Distributed SHM Server (daoServer)

daoServer is a Python daemon that bridges local shared memory (SHM) segments with a Redis-backed distributed registry, letting any machine on the network subscribe to live ZMQ streams of another machine’s SHM data.

Overview

Without daoServer each DAO process can only access SHM segments on the same host. daoServer lifts that restriction:

  1. Each participating machine runs a daoServer instance.

  2. On start-up the server discovers every *.im.shm file on the local host and publishes its name, shape, and dtype to a shared Redis registry.

  3. When a client requests a remote SHM segment the server allocates a ZMQ PUB socket and starts streaming frame updates. The client creates a local mirror SHM segment that is kept up-to-date by a background subscriber thread.

  4. Both sides exchange heartbeat keys in Redis. When a client goes silent its mirror subscription is torn down and the ZMQ publisher is stopped if no other clients remain.

daoServer architecture diagram

Note

The diagram above will render once the file docs/source/_static/daoServer_architecture.png is added to the repository. In the meantime the text below describes the same topology.

Architecture

┌─────────────────────────────────────────────────────────────────────────┐
│                            Redis Registry                               │
│                                                                         │
│   dao:machines:<host>:ip / hostname / role / last_connect               │
│   dao:machines:<host>:shm:<name>:dimensions / dtype / connections       │
│   dao:connections:<host>:<shm>  (pending connection request)            │
│   dao:heartbeats:<host>:<shm>:<client>                                  │
└──────────────────┬──────────────────────────────┬───────────────────────┘
                   │                              │
          ┌────────┴────────┐            ┌────────┴────────┐
          │   Machine A     │            │   Machine B     │
          │  (daoServer)    │  ZMQ PUB → │  (daoServer)    │
          │                 │ ─────────► │                 │
          │  /tmp/wfs.im.shm│            │ /tmp/remote_    │
          │                 │            │  MachineA_wfs   │
          └─────────────────┘            └─────────────────┘

Prerequisites

In addition to the standard DAO dependencies the following Python packages are required:

pip install redis pyzmq numpy

The redis package talks to a running Redis server. Install the server itself with your system package manager if it is not already present:

# Ubuntu / Debian
sudo apt install redis

# RedHat / CentOS / Fedora
sudo yum install redis

# macOS
brew install redis

Redis must be reachable from every machine that participates in the distributed registry. A single Redis instance is sufficient for a small cluster; point all daoServer instances at the same host and port.

Redis Key Schema

All keys share the dao: namespace prefix.

Key pattern

Description

dao:machines:<host>:ip

IPv4 address of the registered machine

dao:machines:<host>:hostname

Hostname string

dao:machines:<host>:role

master or minion

dao:machines:<host>:last_connect

ISO-8601 UTC timestamp of the last heartbeat

dao:machines:<host>:shm:<name>:dimensions

JSON array of the segment’s array shape, e.g. [512, 512]

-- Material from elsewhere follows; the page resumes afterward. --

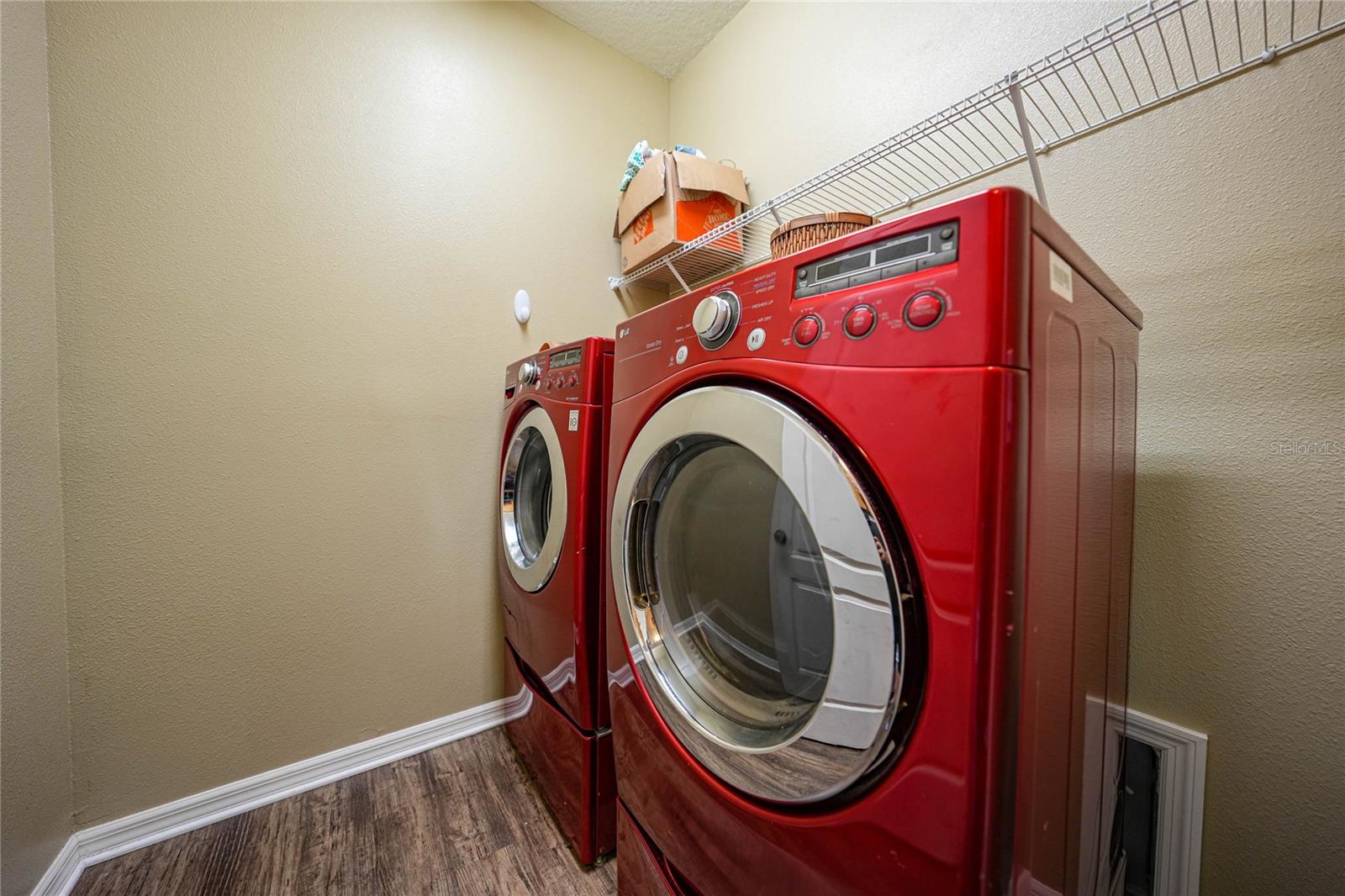 Image 28 of 33 For 10147 Winding River Road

dao:machines:<host>:shm:<name>:dtype

NumPy dtype string, e.g. float32

dao:machines:<host>:shm:<name>:connections

JSON array of active client connection records (server IP, port, …)

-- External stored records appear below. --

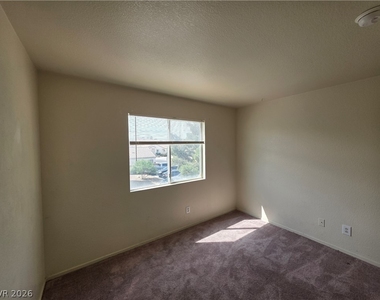 2506 Lady Elizabeth Court - Photo Thumbnail 5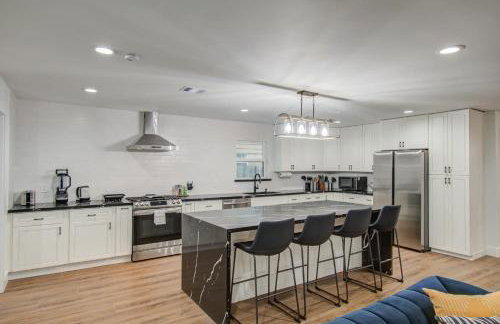 5-BD Modern Central Getaway w Hot Tub - Mins to DT - Foto 16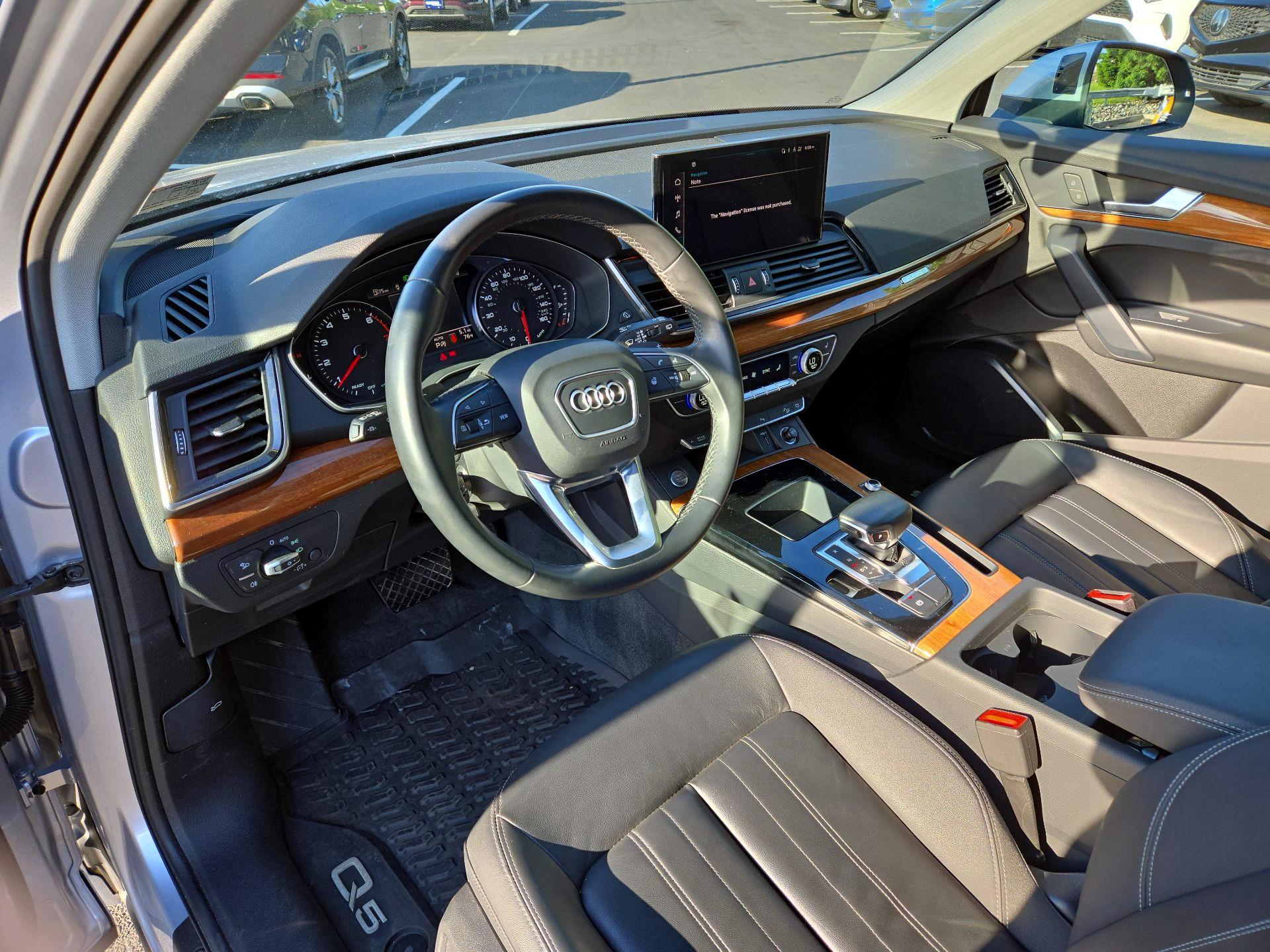 Thumbnail: 2023 Audi Q5 - 9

dao:connections:<host>:<shm>

Transient request key written by a client; deleted once the server starts publishing

dao:heartbeats:<host>:<shm>:<client>

ISO-8601 UTC timestamp refreshed by the client every 10 s; auto-expires after 75 s

Master / Minion Roles

Every cluster needs exactly one master node. The master is responsible for evicting stale machines (those that have not sent a heartbeat within the configured TTL). All other nodes are minions.

Role assignment:

  • Pass --role master or --role minion explicitly on the command line.

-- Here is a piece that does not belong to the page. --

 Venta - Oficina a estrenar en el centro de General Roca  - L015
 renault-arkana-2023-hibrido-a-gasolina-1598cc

  • Omit --role to let daoServer auto-detect: if no master is found in Redis the node promotes itself to master and logs a warning.

Only the master can call deregister_machine() for a different host or run cleanup_stale_machines().

Running the Daemon

Command-line interface

python -m daoServer [OPTIONS]

# or directly
python daoServer.py [OPTIONS]

Options

Flag

Default

Description

--redis-host HOST

localhost

Hostname or IP of the Redis server

--redis-port PORT

6379

Redis TCP port

--role {master,minion}

auto

Node role; omit to auto-detect

--heartbeat-interval SECONDS

30

Interval between heartbeat writes to Redis

--base-pub-port PORT

5560

First ZMQ port allocated for SHM publishing

--discover

Scan local subnets for Redis / daoServer instances and exit

Scanning the network

Before starting the daemon you can check which Redis instances are visible on your local subnets:

python daoServer.py --discover

Example output:

Found 2 Redis instance(s):
  192.168.64.2:6379 [dao]  machines: daovm, rts-machine
  192.168.64.3:6379        machines: —

A [dao] tag means the instance already has daoServer keys registered.

Typical multi-machine setup

On the Redis host (or any machine that should be master):

# Start Redis
redis-server &

# Start daoServer as master, pointing at local Redis
python daoServer.py --role master --redis-host localhost

On every other machine:

python daoServer.py --role minion --redis-host 192.168.64.2

Python API

discover_redis — subnet scanner

from daoServer import discover_redis

results = discover_redis(port=6379, timeout=0.3, max_workers=64)
for r in results:
    print(r["host"], r["dao"], r["machines"])

Probes every host on each local /24 subnet. Returns a list of dicts:

[
  {"host": "192.168.64.2", "port": 6379, "dao": True,  "machines": ["rts"]},
  {"host": "192.168.64.5", "port": 6379, "dao": False, "machines": []},
]

DaoServer class

Constructor

from daoServer import DaoServer

server = DaoServer(
    redis_host="192.168.64.2",
    redis_port=6379,
    role="minion",           # or "master", or None for auto-detect
    heartbeat_interval=30.0,
    base_pub_port=5560,
)

Raises ConnectionError if Redis is unreachable.

Listing registered machines

machines = server.list_machines()
for m in machines:
    print(m["hostname"], m["role"], m["shm_segments"])

Each entry contains:

Key

Description

hostname

Machine hostname string

ip

IPv4 address

role

master or minion

last_connect

ISO-8601 UTC string of the last heartbeat

shm_segments

List of SHM segment names registered for this host

Accessing a remote SHM segment

# Get a local shm object that mirrors wfs@rts-machine
mirror = server.get_remote_shm("rts-machine", "wfs")

# Read the latest frame
data = mirror.get_data()

# When done, release the subscription
server.release_remote_shm("rts-machine", "wfs")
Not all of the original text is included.